La resolución impugnada contiene el siguiente Fallo:
"QUE DEBO CONDENAR Y CONDENO a Epifanio como autor de un delito de robo con violencia e intimidación en las personas con uso de instrumento peligroso, ya definido, concurriendo la circunstancia atenuante de drogadicción, a la pena de tres años seis meses y un día de prisión así como accesoria de inhabilitación especial para el derecho de sufragio pasivo durante el tiempo de la condena y pago de costas.
En concepto de responsabilidad civil el acusado indemnizará a Tiendas de Convivencia en la cantidad de 230,86 euros por el dinero sustraído".
Segundo: La parte apelante interesó se revocara la Sentencia apelada y se dictara otra por la cual se reduzca la entidad de la pena impuesta.
Tercero: El Ministerio Fiscal solicitó la confirmación de la resolución impugnada.
Hechos
Único: Se aceptan los relatados en la Sentencia apelada.
Fundamentos
Primero: El apelante asegura ha de aplicarse el tipo atenuado recogido en el artículo 242.4º del Código Penal . Afirma que el hecho reviste una entidad reducida, vista la suma sustraída y la intimidación efectuada.
Para dirimir la cuestión suscitada procede resumir la doctrina del Tribunal Supremo sobre ese subtipo privilegiado que ha quedado sintetizada en los siguientes términos ( SAP Madrid de 27-7-04 ):
Menor entidad de la violencia o intimidación, criterio principal, sin duda alguna, como se deduce de la expresión "además" que encabeza la referencia al otro criterio, y que por otro lado, tiene una mayor concreción y hace referencia, de los dos bienes jurídicos protegidos en esta clase de robos (personas y patrimonio), al más relevante de ellos: la libertad e integridad de la persona.

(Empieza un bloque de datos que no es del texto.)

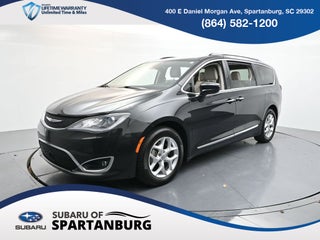 2017 Chrysler Pacifica Touring L Plus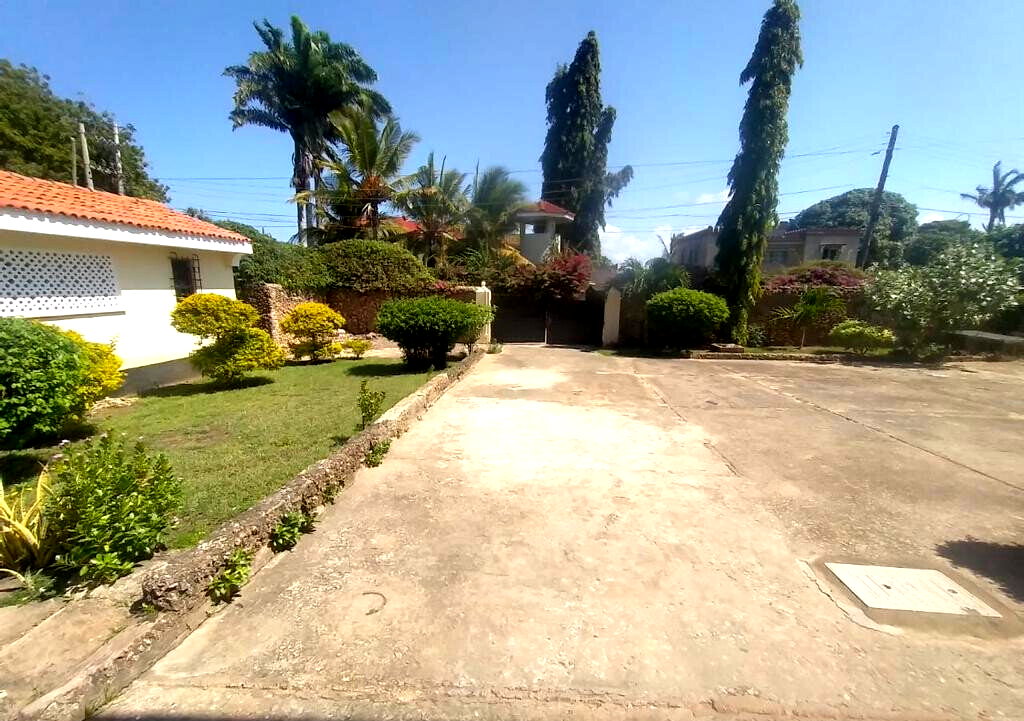 Palm Garden Estate 4BR Townhouse on Half-Acre - Nyali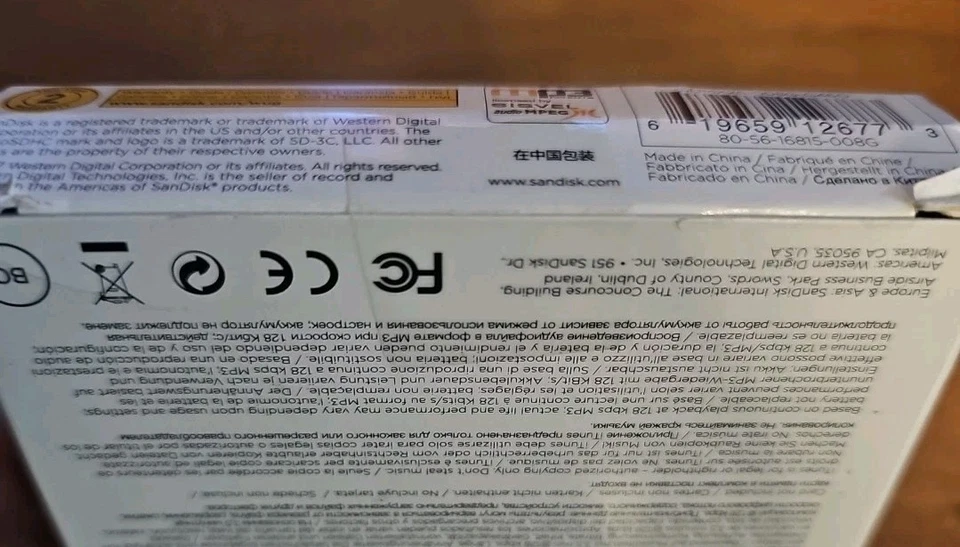 SanDisk OrangeSansa Clip Jam 8GB MP3 Player + FM Radio (Brand new,unopened) - Image 4 of 4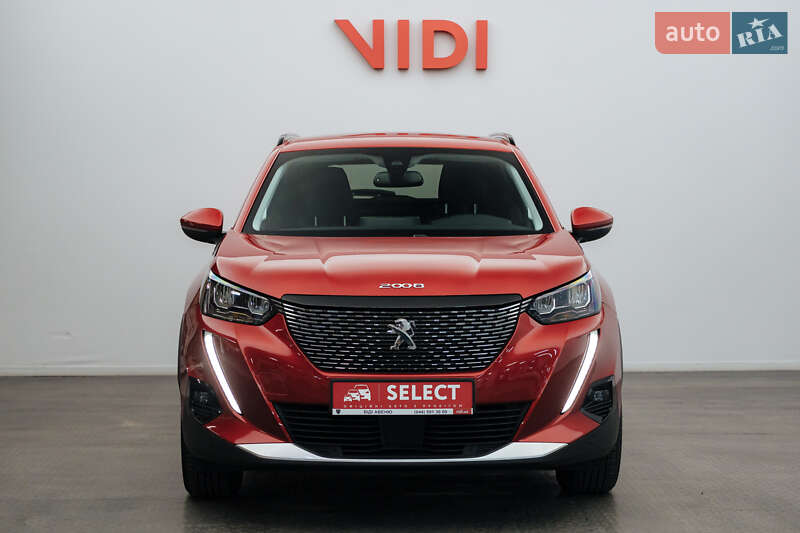 Внедорожник / Кроссовер Peugeot 2008 2020 в Киеве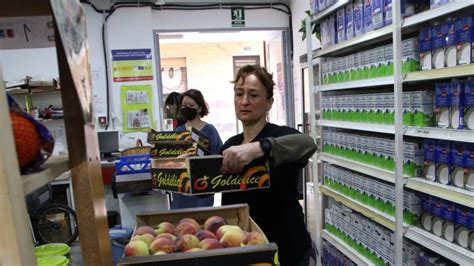 El Banc Dels Aliments Deixa De Repartir Llet Pel Seu Encariment P Blico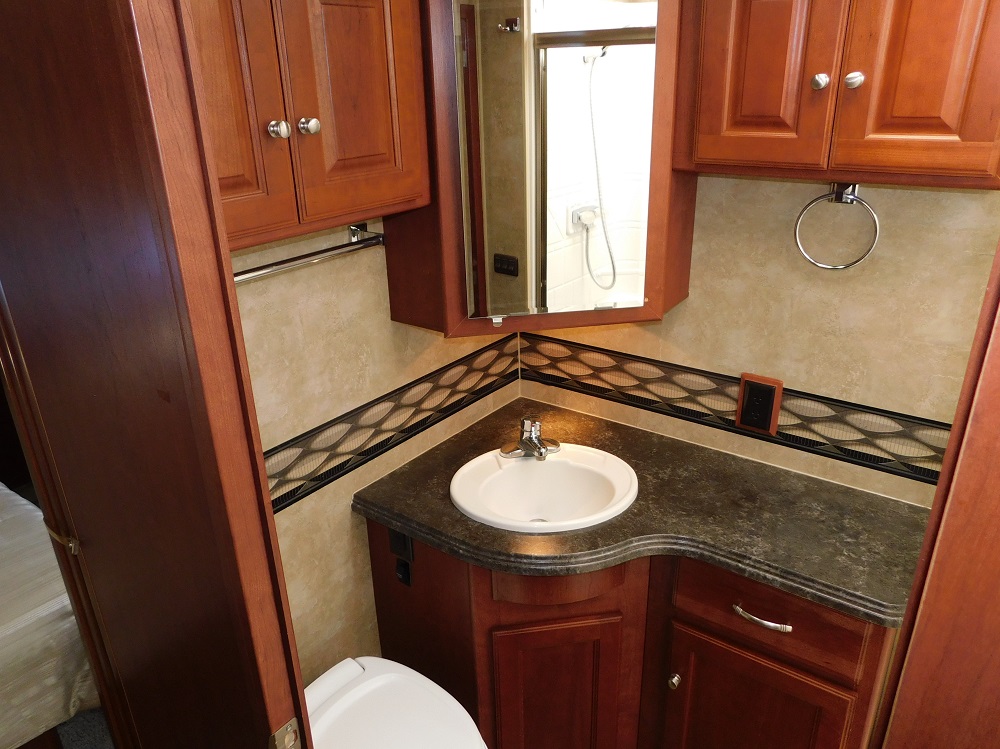 2013 Winnebago Itasca Sunova 30A - Image 34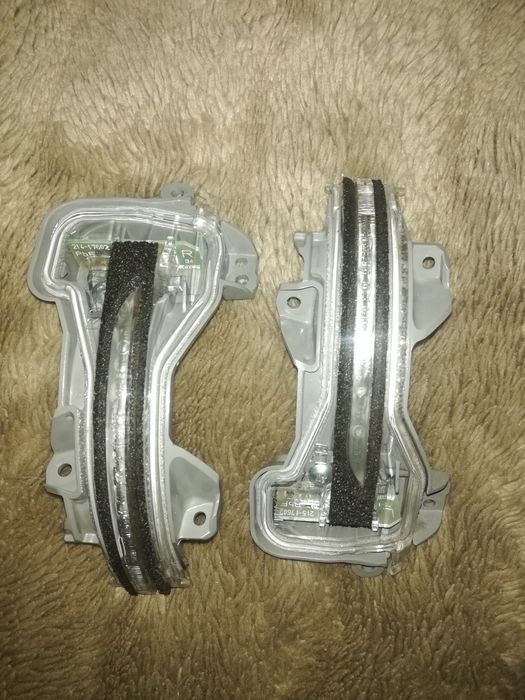 KierunkowskazHonda Crv IV  L 2012 - 2016r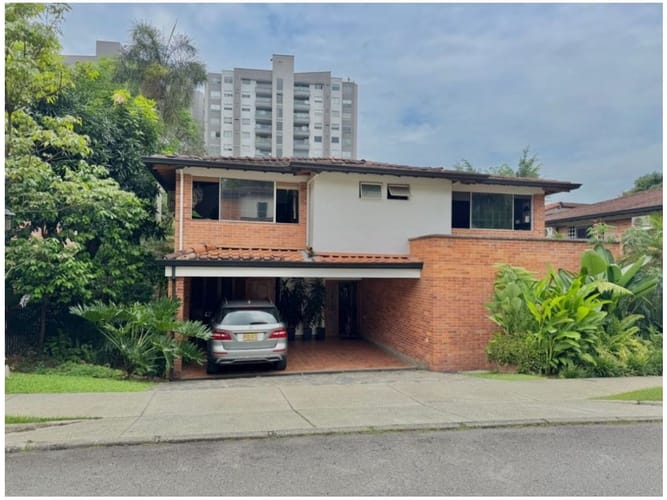 Casa de 3 alcobas en venta en Loma Benedictinos, Envigado, 318 m² · foto 1 de 24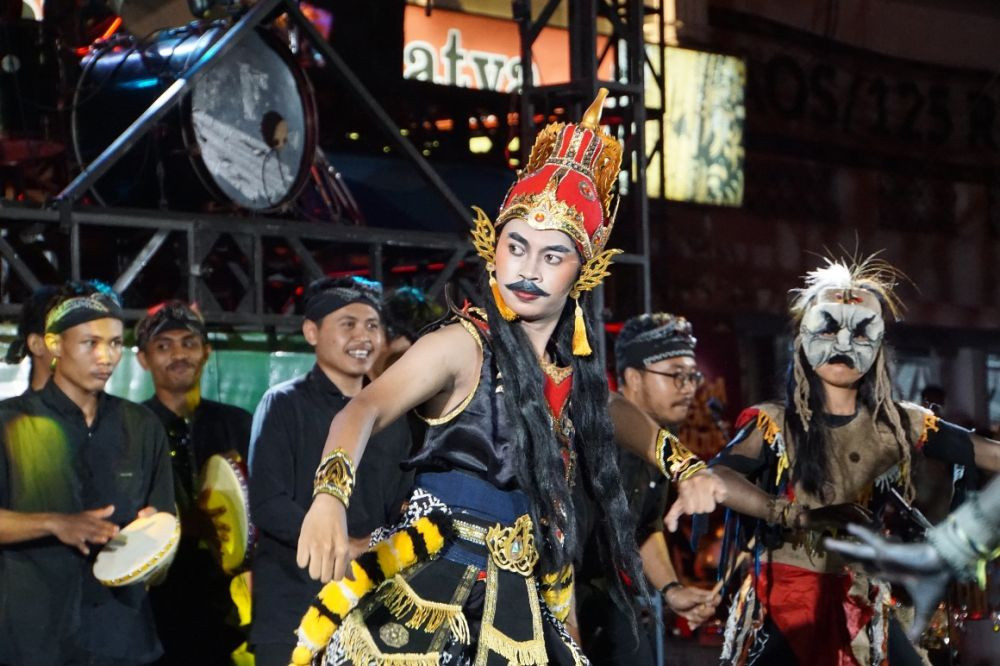 Jogja Cross Culture Disambut Meriah Ribuan Orang Penuhi Malioboro 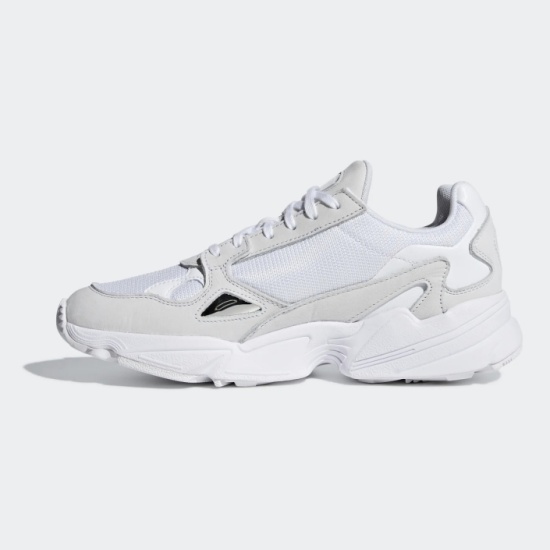 Adidas falcon white size 4 2025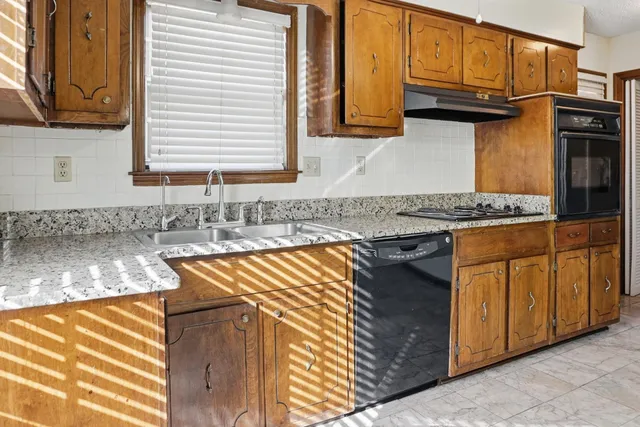 $240,000 | 6294 Scarletcrest Lane, Memphis, TN 38115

Además las restantes circunstancias del hecho, elemento de menor importancia que el primero, como ya se ha dicho, pero imprescindible para la aplicación del precepto, de modo que la sola consideración de la entidad de la violencia o intimidación no permite aplicar la rebaja en grado aquí previsto. Hay que examinar las otras circunstancias del hecho, indeterminadas en la propia norma y, por tanto, de muy variada condición:
o El lugar donde se roba: no es lo mismo hacerlo en la calle a un transeúnte que en un establecimiento comercial, y tampoco puede equipararse el robo en una pequeña tienda al que se comete contra una entidad bancaria.
o Con relación al sujeto activo, habrá de considerar si se trata de una persona o si hubo un grupo de coautores, así como, en su caso, la forma de actuación de ese grupo y si se hallaba más o menos organizado.
o Asimismo podrá considerarse el número de las personas atracadas y su condición en orden a su situación económica o a las mayores o menores posibilidades de defenderse.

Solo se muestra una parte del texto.